In the America West, I study the archaeology of Numic-speaking peoples across and beyond the Great Basin, the evolution of Archaic lifeways, and the different ways hunter-gatherers in the region exploited mountain environments. In China, I focus on more fundamental evolutionary questions: Lower to Upper Paleolithic transitions, the arrival or evolution of modern humans and human behavior, and the forager to farmer sequence between the Yellow and Wei rivers. In Mongolia, I collaborats with the National Museum of Mongolia on projects that track the origins of pastoral economies and the northeast Asian microblade adaptation. In the southern Andes, I work on collaborative projects with the National Scientific and Technical Research Council of Argentina that investigate the ways the region’s hunter-gatherers adapted to high altitude settings.

Levent Atici

I am an anthropologically trained archaeologist with a research focus on the relationships between humans, non-human animals, and the environment. I am particularly interested in the origins of the food we eat, and the evolution of urban food provisioning systems. My research program features fieldwork, laboratory analysis, and an integrative approach to big data and sharing digital data. My background at the intersection of humanities, social sciences, and natural sciences allows me to understand and support undergraduate education across the continuum of academic disciplines. As a student of life and infinitely curious Homo sapiens, I often wear multiple hats and strive to integrate multiple perspectives in everything I do.

Mary Cablk

Dr.

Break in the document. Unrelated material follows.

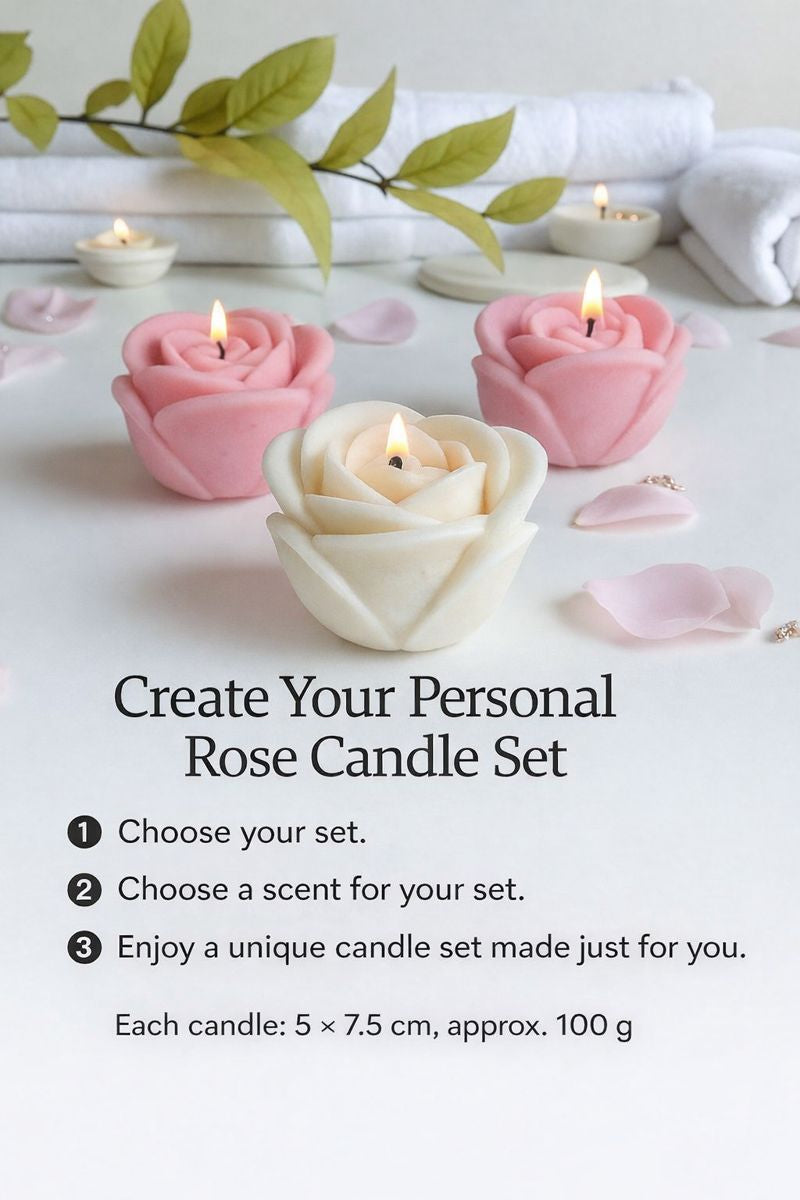 Rose candle gift box information card showing how to choose the candle colour set and scent, with size and weight details for each candle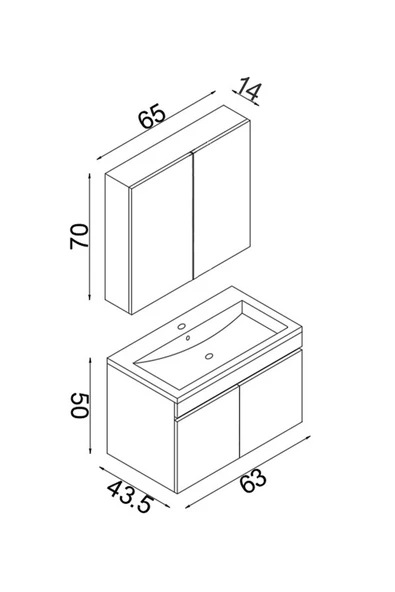 Teta Home Tokyo 65 Cm Mdf Banyo Dolabı Seti + Boy Dolabı  Antrasit - Resim 5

Mary E. Cablk is an Emeritus Faculty at DRI. She is an expert in detection and systems. In her research she draws upon knowledge from multiple fields such as olfaction, analytical chemistry, learning, cognitive and industrial/occupational psychology, forensics, spatial analysis, pattern analysis, and image processing. Her interests focus on transforming qualitative observation into quantitative data and combining multiple input data types to solve complex challenges related to detection, in a field setting. Her research and expertise has taken her around the world where she has addressed audiences and worked with colleagues on landmine detection, wildlife detection, recovery of human remains, and search and rescue, among others. She works closely with relevant agencies and organizations on development and implementation of credentialing and standards for canine teams in a variety of disciplines. Dr. Cablk has been instrumental in developing a Ph.D. program in forensic anthropology at the University of Nevada Reno, where she is an adjunct professor and mentors graduate students. She is an auxiliary deputy with several county Sheriff Offices in the State of Nevada and is a resource to the State of California Governor’s Office of Emergency Services.

Expert in remote sensing including olfaction and optical. Uses quantitative methods from multiple input data types to conduct scientific analyses related to detection, including spatial analyses.